-- Supplied records follows --

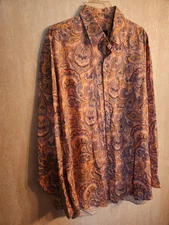 Mens Scott Barber Paisley Long Sleeve Shirt Large Orange & Blue Retro Design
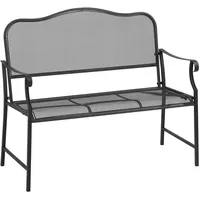 Outsunny Gartenbank schwarz Metall B/H/L: ca. 58x98x113 cm -
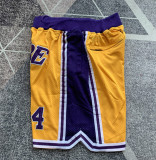 Lakers Kobe Yellow Four Bags NBA Pants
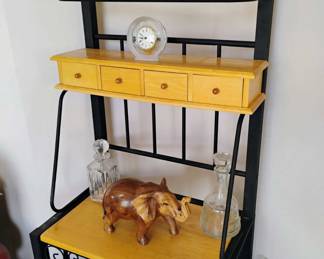 Black Iron and Pine Bakers Rack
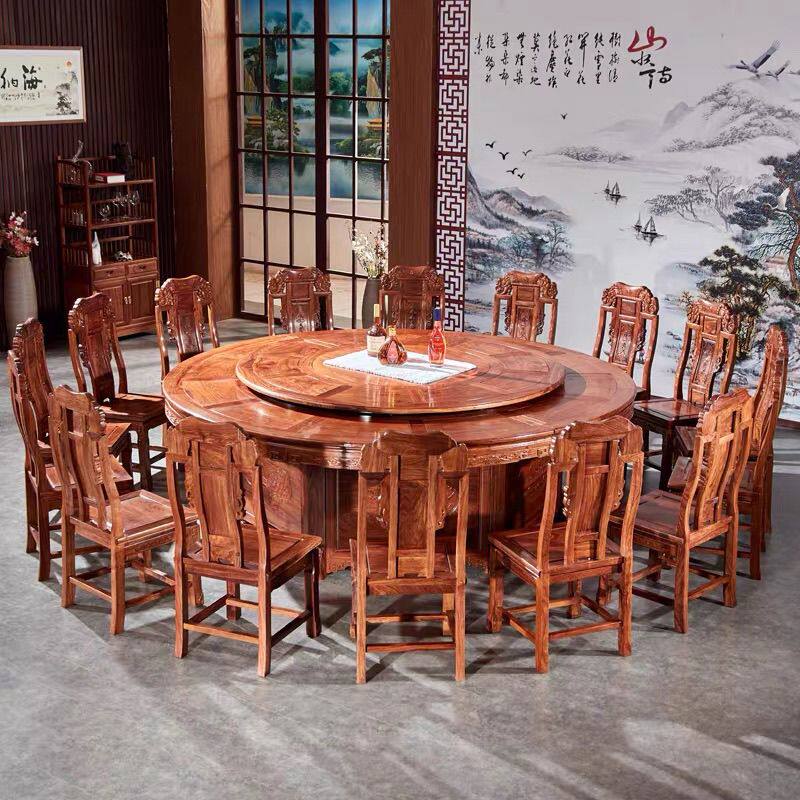 摇控电动大餐台自动转盘花梨木实木家具象头红木聚餐圆桌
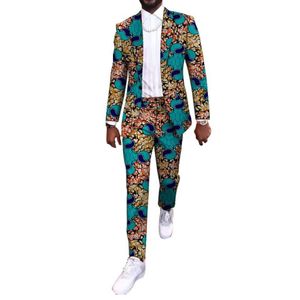 Nuovi arrivi La festa africana indossa abiti casual personalizzati con pantaloni da uomo Blazer Pantaloni patch Ankara Moda maschile Abiti da sposa W12321p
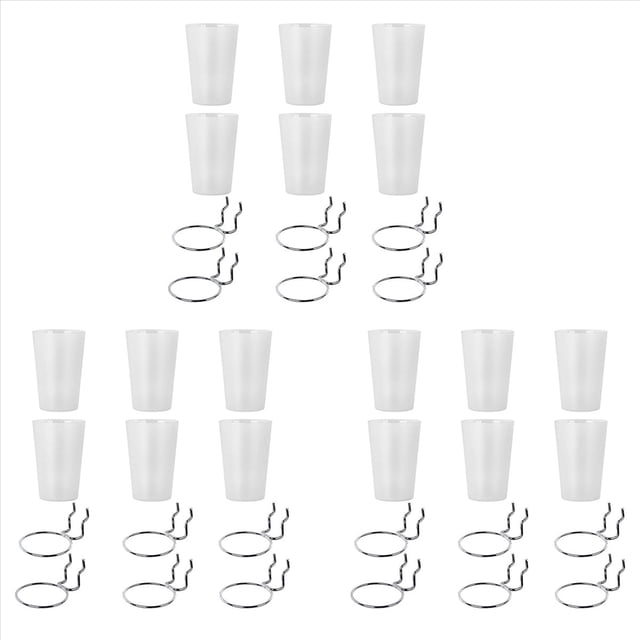 18 Juegos de Contenedores de Tablero Perforado con Anillos de Tablero Perforado con Tazas de Tablero Perforado Accesorios para Soporte de Vasos Transparentes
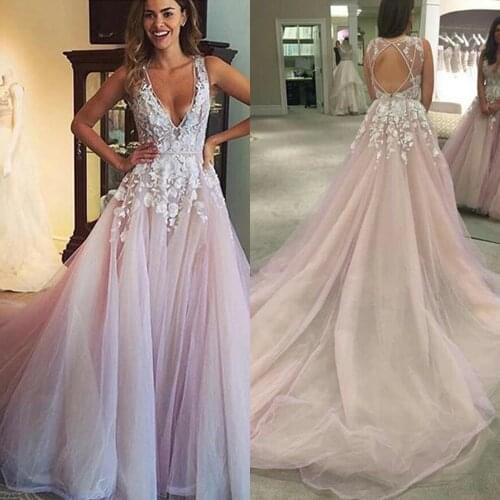 Wedding Dress V Neck Tulle Applique Open Back Sleeveless A Line Floor Length Gowns Lace Bride Dresses Vestido De Noiva Casamento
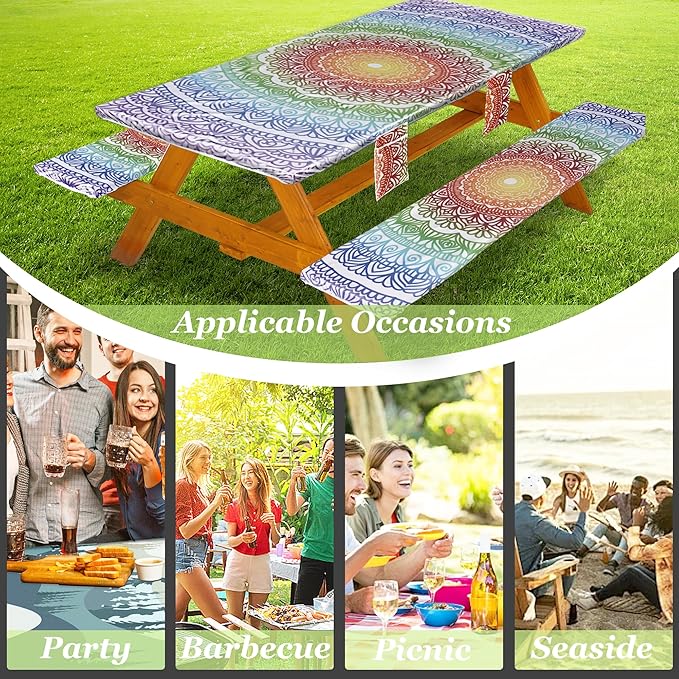 Picnic Table Cover with Bench Covers Vinyl Elastic Edges Fitted Rectangle Seat Tables Waterproof 3-Piece96X30in Set Outdoor Rectangular Folding Backing Tablecloth for Camping Over SizeTie-Dye 104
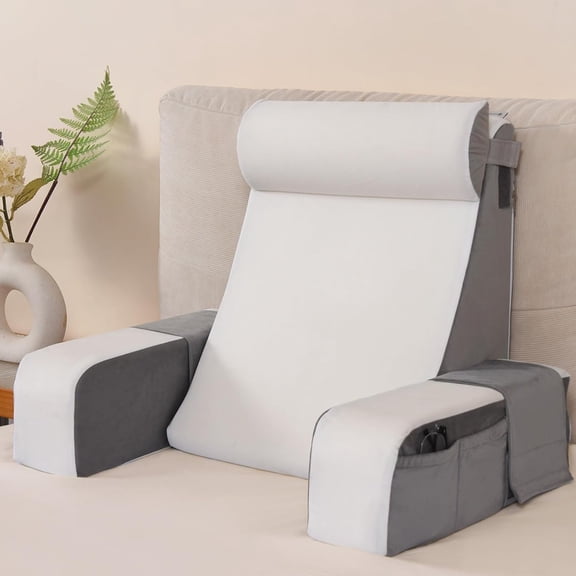21" Reading Pillow for Sitting in Bed – 60° Ergonomic Wedge Back Pillow, XL Side Pockets, Support Chair for TV, Gaming, Working, Nursing, Recovery in Bed, Floor, Dorm, Great Gift Idea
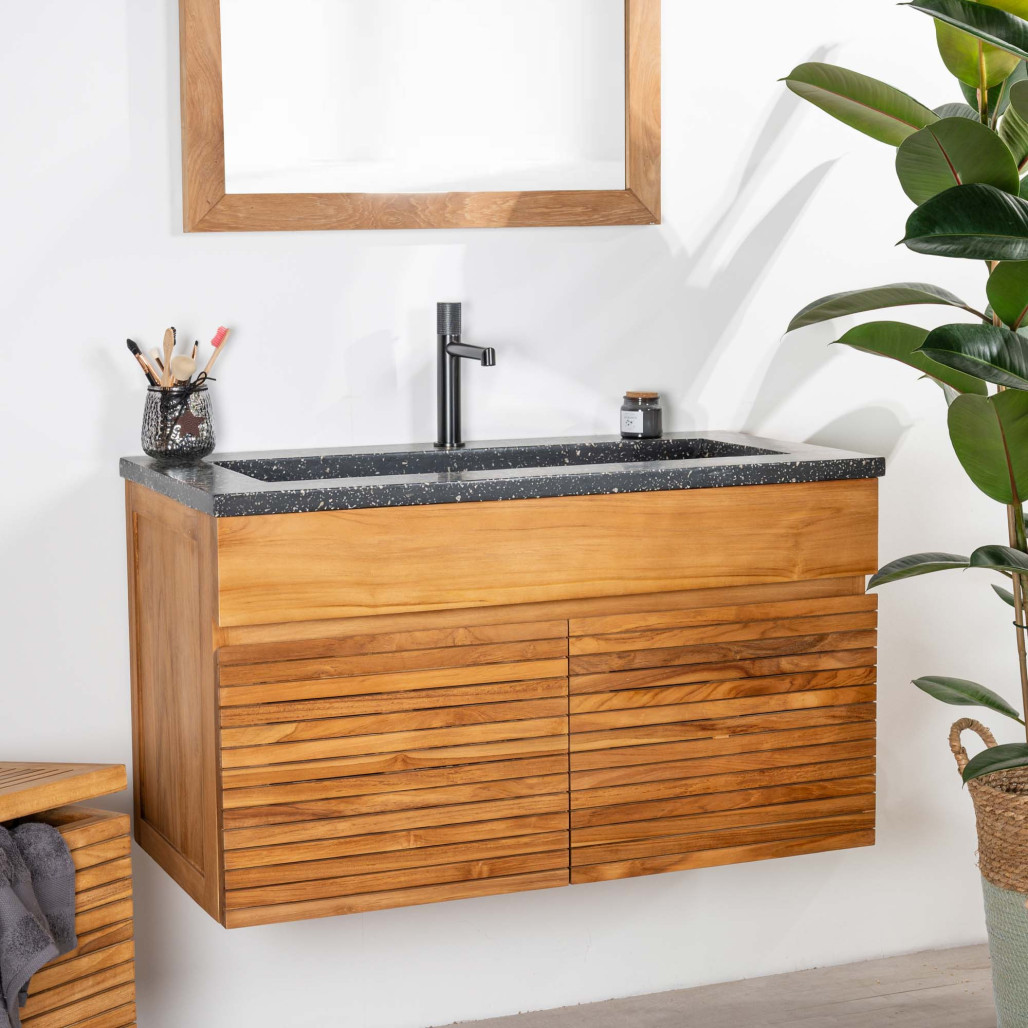 Mueble de baño en teca y terrazo negro Aktual 90cm - Baño - Wanda collection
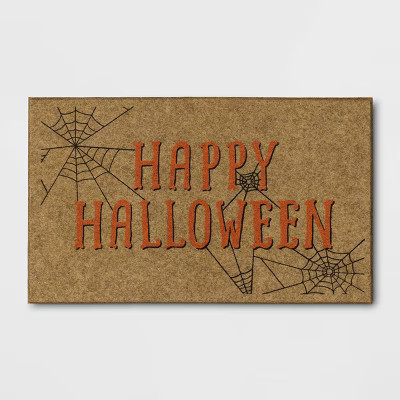1'6"x2'6" 'Happy Halloween' Faux Coir Doormat with Spiderwebs Orange/Black - Hyde and EEK! Boutique™: Outdoor | Target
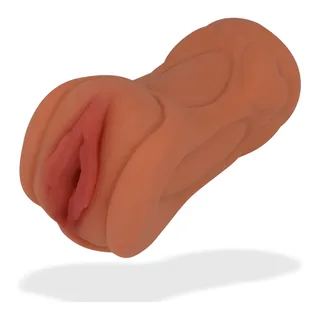 Masturbateur en silicone beige-rosé avec détails intimes en rouge, anatomique, manchon souple sans coque rigide sur fond blanc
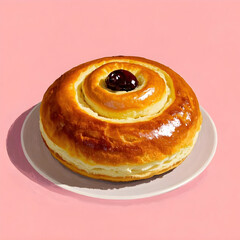 Delicious golden swirl pastry with dark berry topping on a plate, perfect for food blogs and cafes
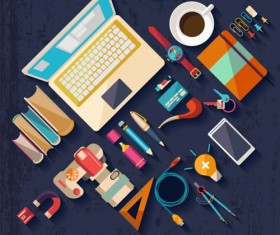 Flat Office Tools vector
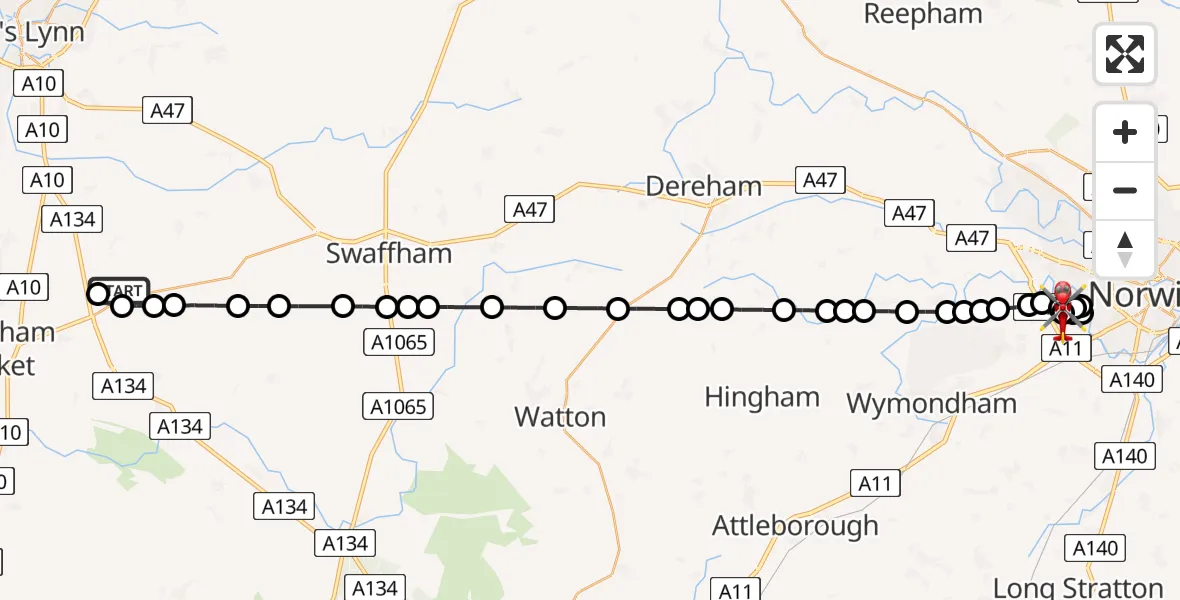 Flight path map showing Air Ambulance Helicopter route from Fincham to Norfolk & Norwich Hospital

-- Supplied records concluded --

**What you will do**
All of the lines above must be repeated without alteration, though the pictures are to be excluded.

**Reply to the exercise**
 Mens Scott Barber Paisley Long Sleeve Shirt Large Orange & Blue Retro Design
 Outsunny Gartenbank schwarz Metall B/H/L: ca. 58x98x113 cm -
 Lakers Kobe Yellow Four Bags NBA Pants
 Black Iron and Pine Bakers Rack
 摇控电动大餐台自动转盘花梨木实木家具象头红木聚餐圆桌
 Nuovi arrivi La festa africana indossa abiti casual personalizzati con pantaloni da uomo Blazer Pantaloni patch Ankara Moda maschile Abiti da sposa W12321p
 18 Juegos de Contenedores de Tablero Perforado con Anillos de Tablero Perforado con Tazas de Tablero Perforado Accesorios para Soporte de Vasos Transparentes
 Wedding Dress V Neck Tulle Applique Open Back Sleeveless A Line Floor Length Gowns Lace Bride Dresses Vestido De Noiva Casamento
 Picnic Table Cover with Bench Covers Vinyl Elastic Edges Fitted Rectangle Seat Tables Waterproof 3-Piece96X30in Set Outdoor Rectangular Folding Backing Tablecloth for Camping Over SizeTie-Dye 104
21" Reading Pillow for Sitting in Bed – 60° Ergonomic Wedge Back Pillow, XL Side Pockets, Support Chair for TV, Gaming, Working, Nursing, Recovery in Bed, Floor, Dorm, Great Gift Idea
 Mueble de baño en teca y terrazo negro Aktual 90cm - Baño - Wanda collection
1'6"x2'6" 'Happy Halloween' Faux Coir Doormat with Spiderwebs Orange/Black - Hyde and EEK! Boutique™: Outdoor | Target
 Masturbateur en silicone beige-rosé avec détails intimes en rouge, anatomique, manchon souple sans coque rigide sur fond blanc
 Delicious golden swirl pastry with dark berry topping on a plate, perfect for food blogs and cafes
 Flat Office Tools vector
 Flight path map showing Air Ambulance Helicopter route from Fincham to Norfolk & Norwich Hospital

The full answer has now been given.